- Hangul: 김호직
- Hanja: 金浩稙
- RR: Gim Hojik
- MR: Kim Hojik

= Kim Ho Jik =

South Korean academic (1905–1959)

Kim Ho Jik (16 April 1905 – 31 August 1959) was the first Korean convert to the Church of Jesus Christ of Latter-day Saints (LDS Church) and was a key figure in opening South Korea to the church's missionary work. Kim was also vice-minister of education in the administration of South Korean president Syngman Rhee.

Kim was born at Pyoktong in what is today North Korea. For a time while a youth, Kim studied at a Buddhist monastery. As a teenager Kim moved to Suwon. He graduated from Suwon Advanced Agricultural and Forestry School in 1924. In 1925, Kim became a member of a Protestant church and began studies at Tohoku University in Japan from which he graduated in 1930. Kim then served as president of Sookmyung Women's University for a time. In 1946, Kim took charge of the Suwon Agricultural Experimentation Station.

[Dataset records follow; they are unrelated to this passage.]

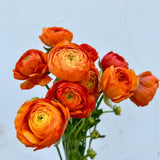 Ranunculus Bulbs, 25 Ranunculus Bulbs, French Peony Style Buttercup Corms, Spring Blooming Garden Flowers, Vibrant Flower Plant (Orange Ranunculus)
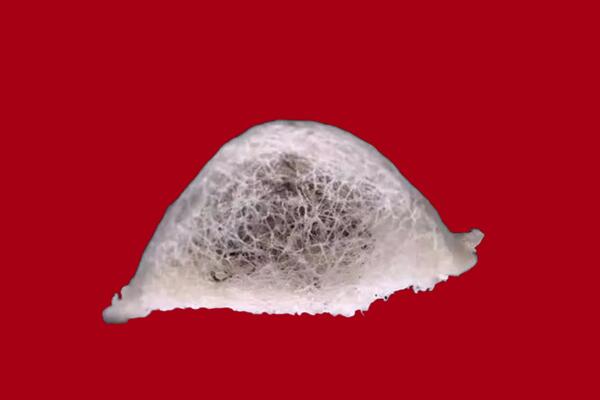 达州渠县虫草上门回收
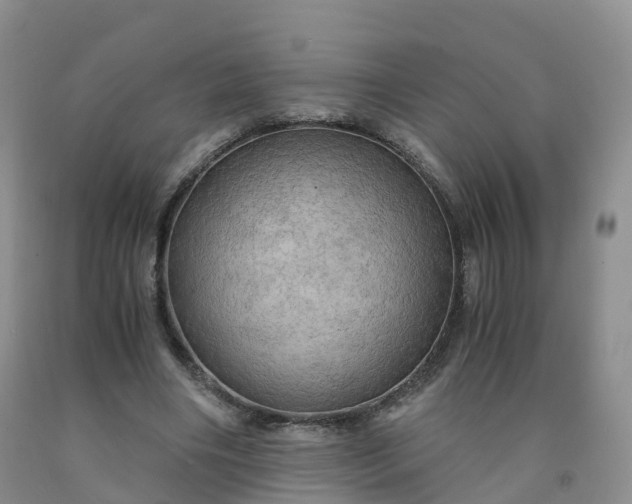 X0000092000490200709201512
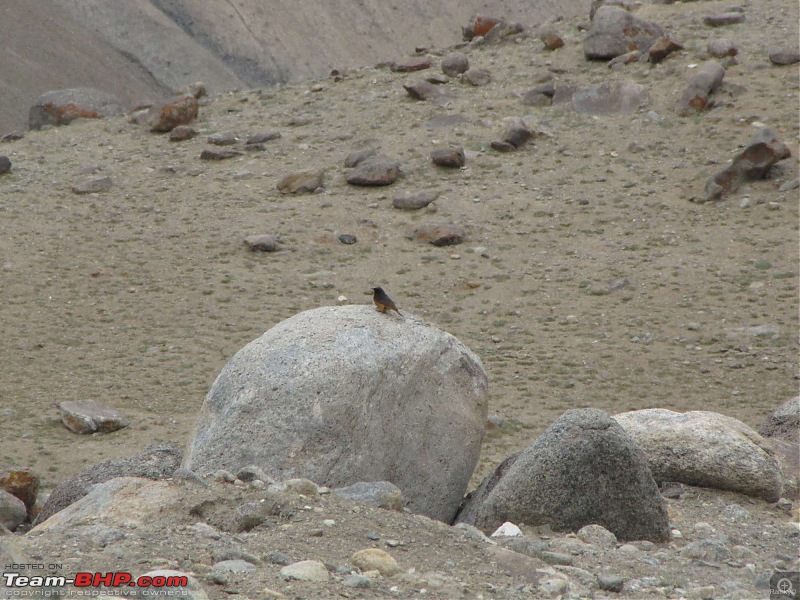 Leh-docked-img_1548.jpg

Kim began work on a doctoral degree at Cornell University in 1949. During this time, Kim was isolated from his family, as they stayed behind in Korea, and were affected by the Korean War. Kim was introduced to the LDS Church by Oliver Wayman, a fellow Cornell graduate student. Kim was baptized on September 29, 1951, in the Susquehanna River, the same body of water in which Joseph Smith and Oliver Cowdery were baptized in 1829.

Kim returned to Korea in 1952. He was appointed vice minister of education by South Korean president Syngman Rhee. Other positions Kim held after his return to Korea were a professorship at Hongik College, dean of animal husbandry at Konguk University, and the vice chairmanship of the Seoul City Board of Education. He also served as president of the National Fisheries College at Pusan. He was also a member of the Korean National Academy of Arts and Sciences.

Kim's children, Kim Tai Whan and Kim Young Sook, were among the first four people baptized into the LDS Church in Korea on August 3, 1952. Kim baptized his other two children, Kim Chun Sook and Kim Shin Hwan on January 3, 1953.

On August 2, 1955, Kim was set apart as the president of the Korean District of the LDS Church by apostle Joseph Fielding Smith. Among those influenced by Kim's church leadership was Han In Sang, who became a church general authority. Kim held the position of district president when he died.

In about 1970, Kim's widow, Pil Kun Park, joined the LDS Church.